(Brief descriptive captions)
:::::
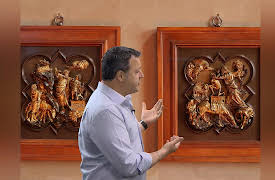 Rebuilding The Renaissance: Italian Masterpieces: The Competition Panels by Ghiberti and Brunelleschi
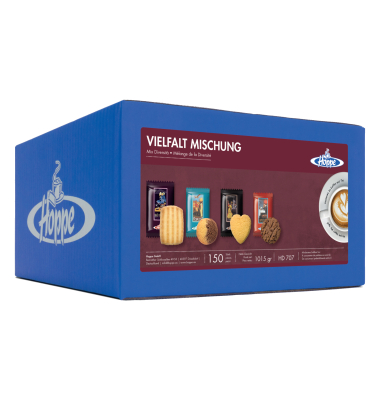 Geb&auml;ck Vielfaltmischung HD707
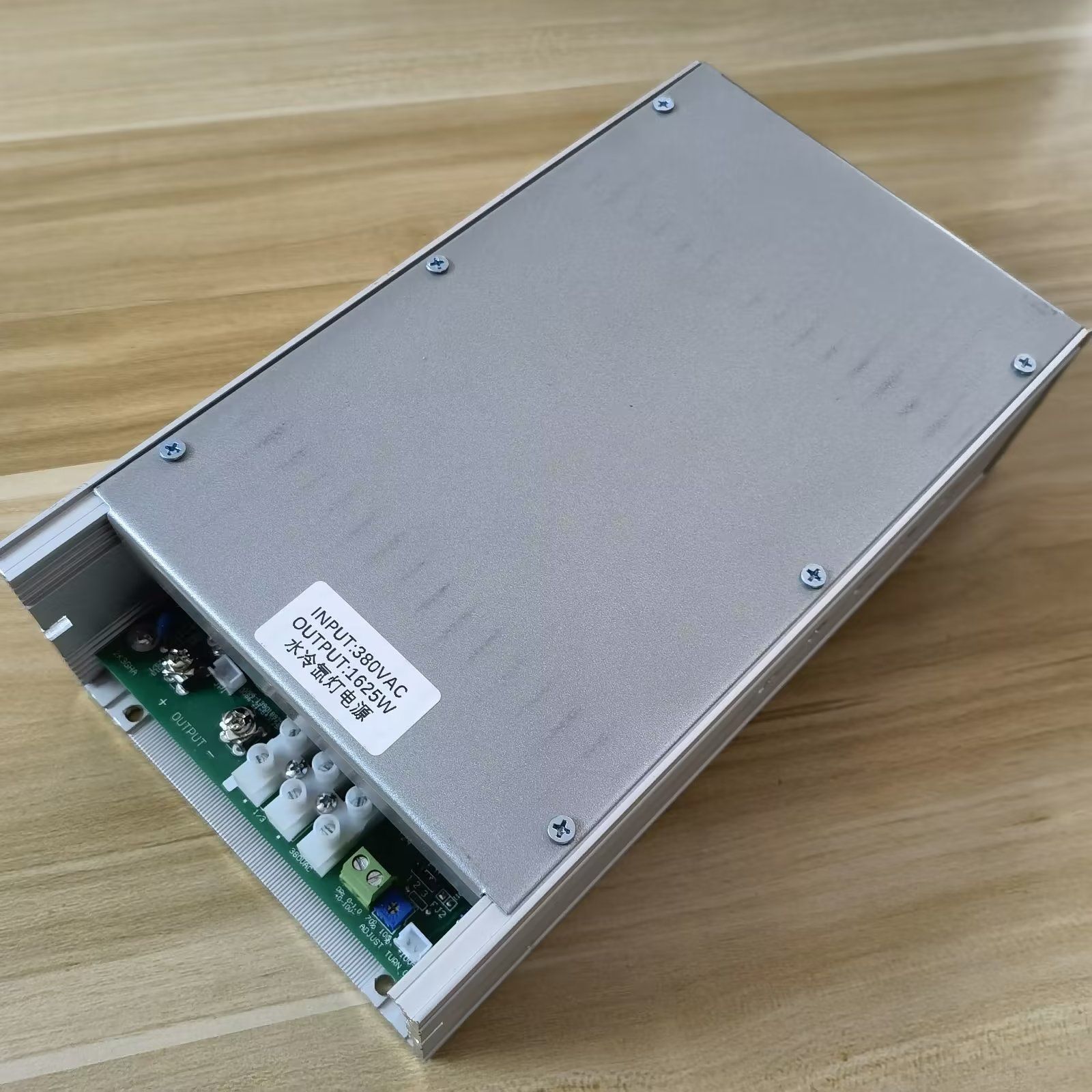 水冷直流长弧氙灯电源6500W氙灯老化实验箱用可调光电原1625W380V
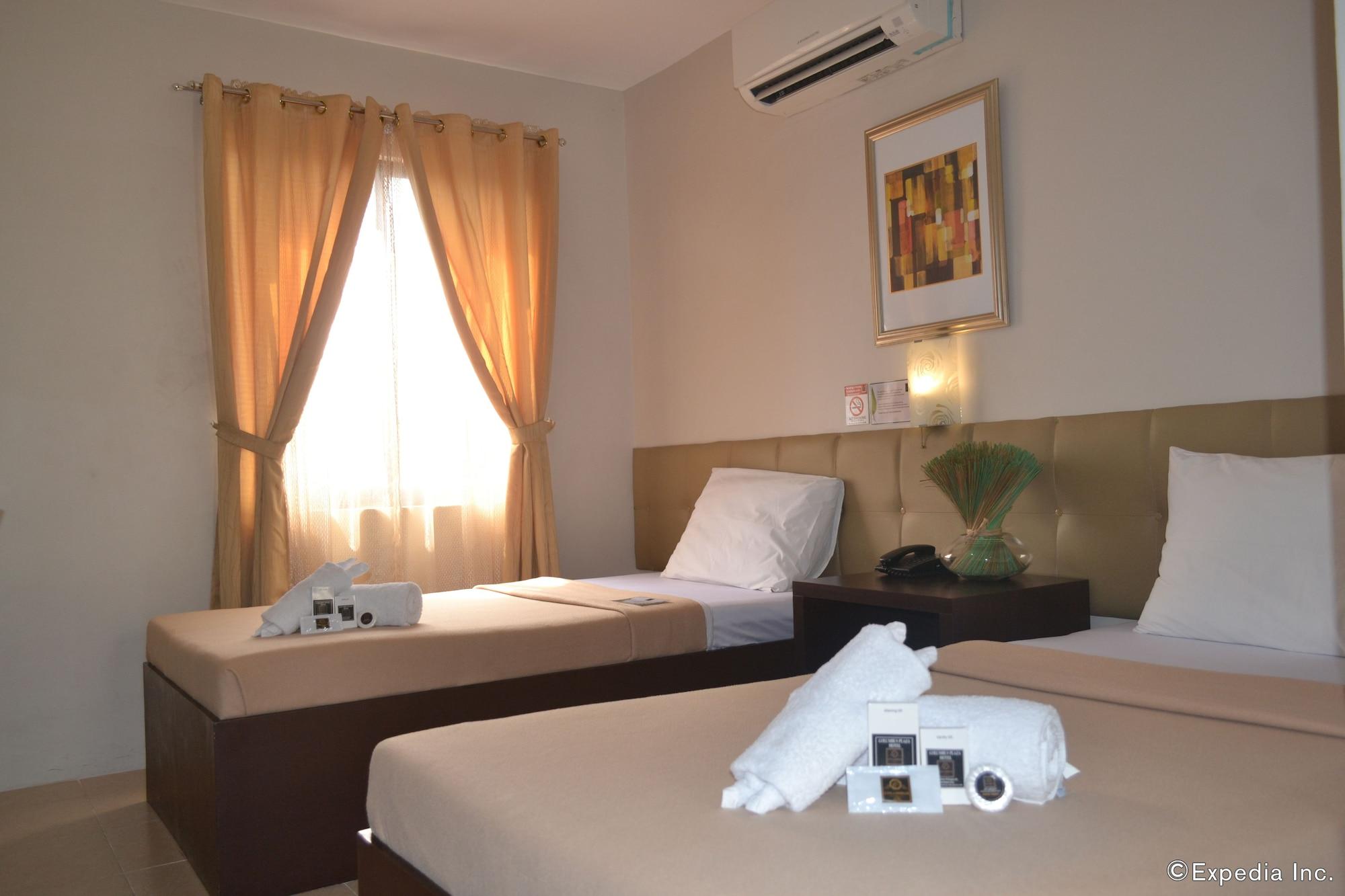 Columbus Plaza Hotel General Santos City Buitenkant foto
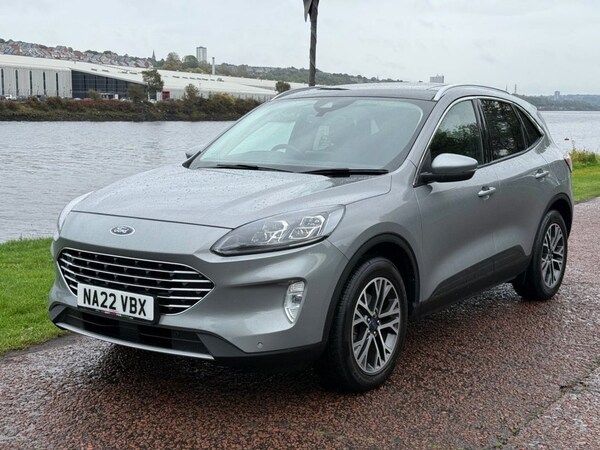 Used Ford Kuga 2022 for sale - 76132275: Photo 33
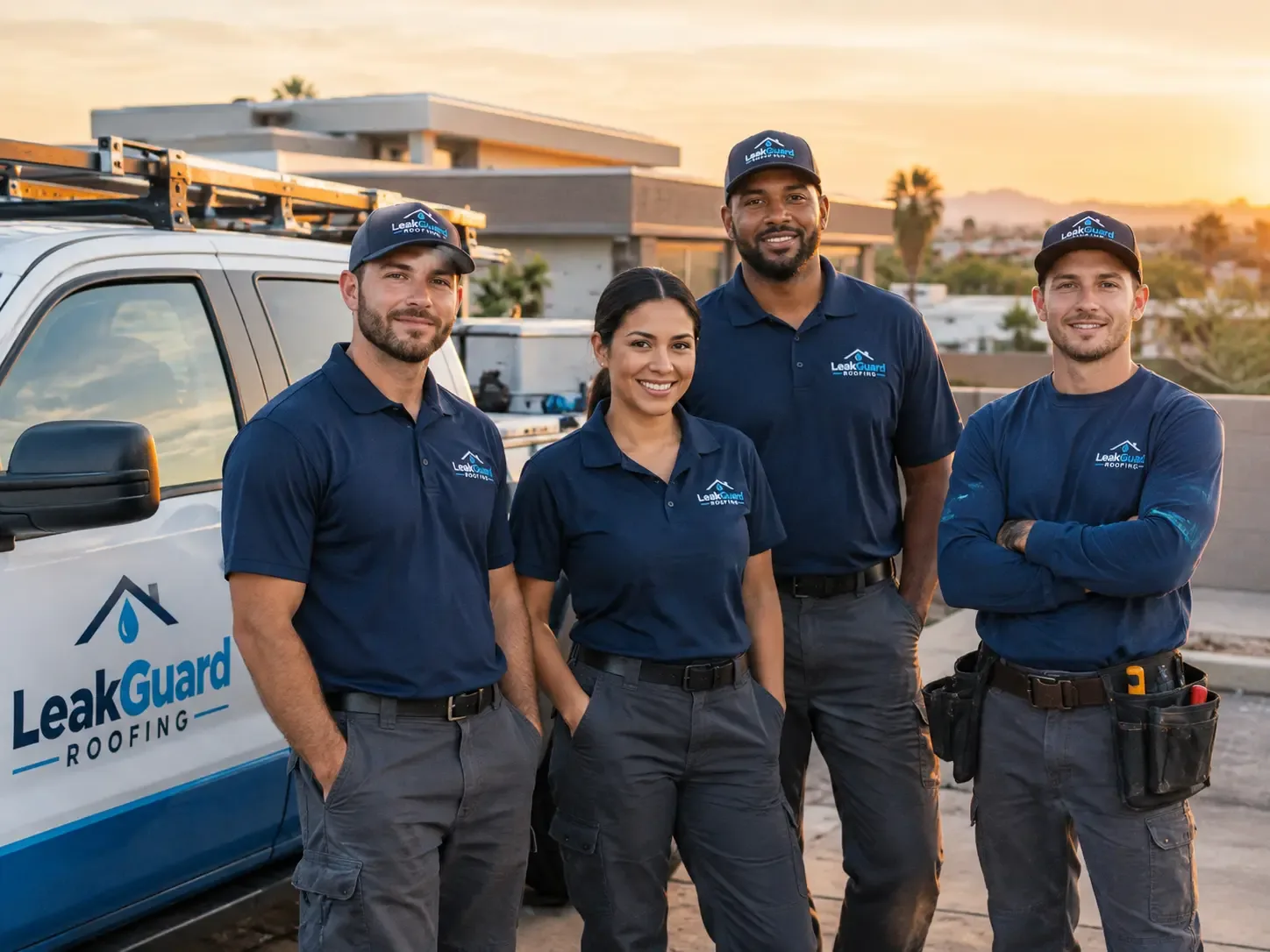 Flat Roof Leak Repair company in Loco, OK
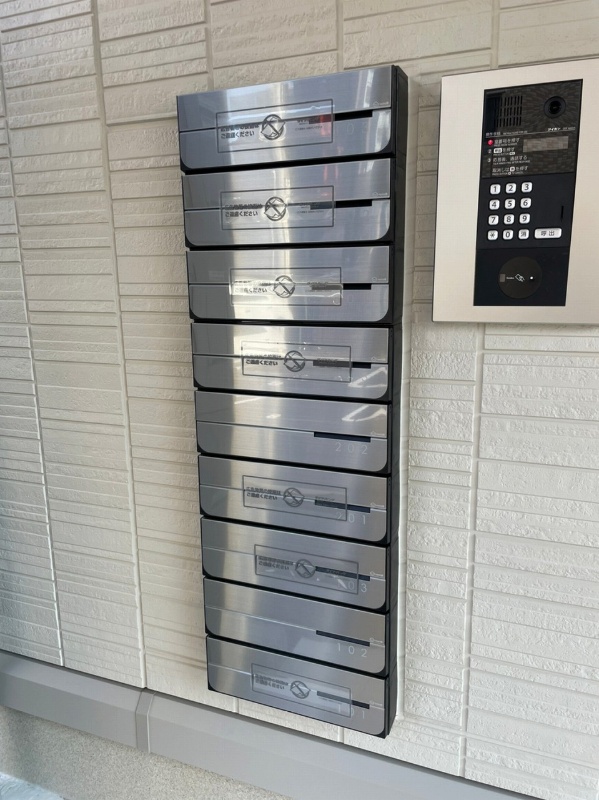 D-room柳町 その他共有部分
:::::
• **Exercise instructions**
Exclude all images and restate the records above word for word.

• **Your solution**
 Rebuilding The Renaissance: Italian Masterpieces: The Competition Panels by Ghiberti and Brunelleschi
 Geb&auml;ck Vielfaltmischung HD707
 水冷直流长弧氙灯电源6500W氙灯老化实验箱用可调光电原1625W380V
 Columbus Plaza Hotel General Santos City Buitenkant foto
 Used Ford Kuga 2022 for sale - 76132275: Photo 33
 Flat Roof Leak Repair company in Loco, OK
 D-room柳町 その他共有部分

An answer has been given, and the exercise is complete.